Suppose I have a 2-D Numpy array. It's supposed to represent the learned weights of a PyTorch linear layer. Below I'm creating an example array full of Gaussian random numbers.
import numpy as np
import pandas as pd
import matplotlib.pyplot as plt
data = np.random.normal(size=(4, 768))
print(data.shape) # (4, 768)
I then try to use the Matplotlib function hist() to create a histogram of the values. I'm using Jupyter Notebook (Google Colab).
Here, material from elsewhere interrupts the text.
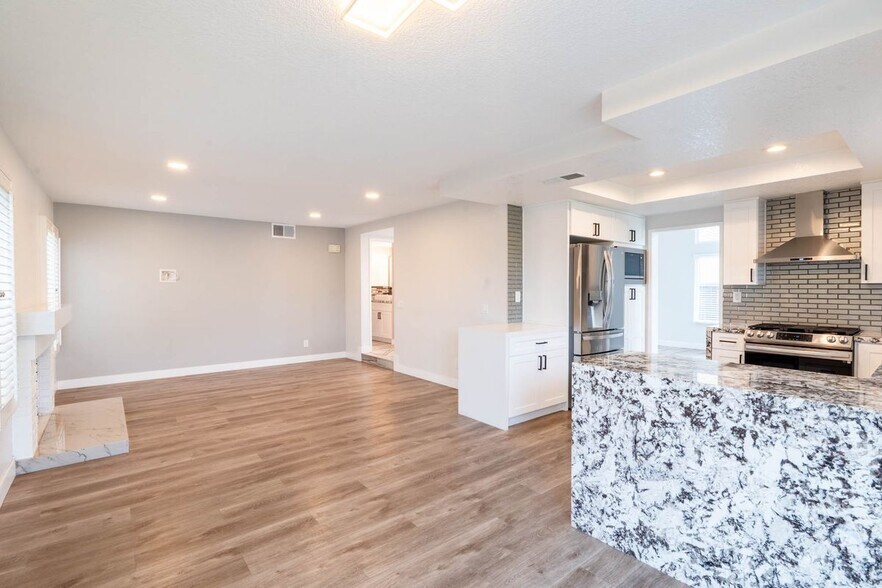 Building Photo - 4744 Golden Ridge Dr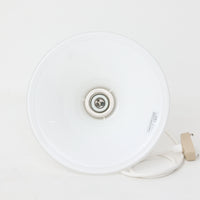 Michael BangがデザインしたMandarinペンダントライトです。Holmegaardならではの高品質なガラスを用いた美しいフォルムが特徴で、滑らかに広がるシェードと細く立ち上がるネック部分が軽やかで洗練された印象を与えます。乳白色ガラスを通して放たれる柔らかな光は空間全体を穏やかに包み込み、ダイニングやカウンター、寝室など幅広いシーンで活躍します。扱いやすいサイズ感と、北欧デザイン黄金期を感じさせる造形美が魅力の希少なビンテージ照明です。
When I call the function like below (by passing in the original 2-D array), it takes a long time to complete, and the visual output is quite bizarre.
%%time
_ = plt.hist(data, bins=100)
# Result:
# CPU times: user 48.5 s, sys: 737 ms, total: 49.2 s
# Wall time: 49.2 s
On the other hand, when I reshape the 2-D array into a 1-D array with reshape(), the hist() function completes almost immediately, and the visualization has the shape of what I would expect, namely a Gaussian curve.
data = data.reshape(-1)
print(data.shape) # (3072,)
%%time
_ = plt.hist(data, bins=100)
# Result:
# CPU times: user 70.7 ms, sys: 2.01 ms, total: 72.7 ms
# Wall time: 70.9 ms
So what exactly is going on with my first attempt where I pass in a 2-D array? Why does it take so long? What does the visualized graph represent?
Thanks for any help.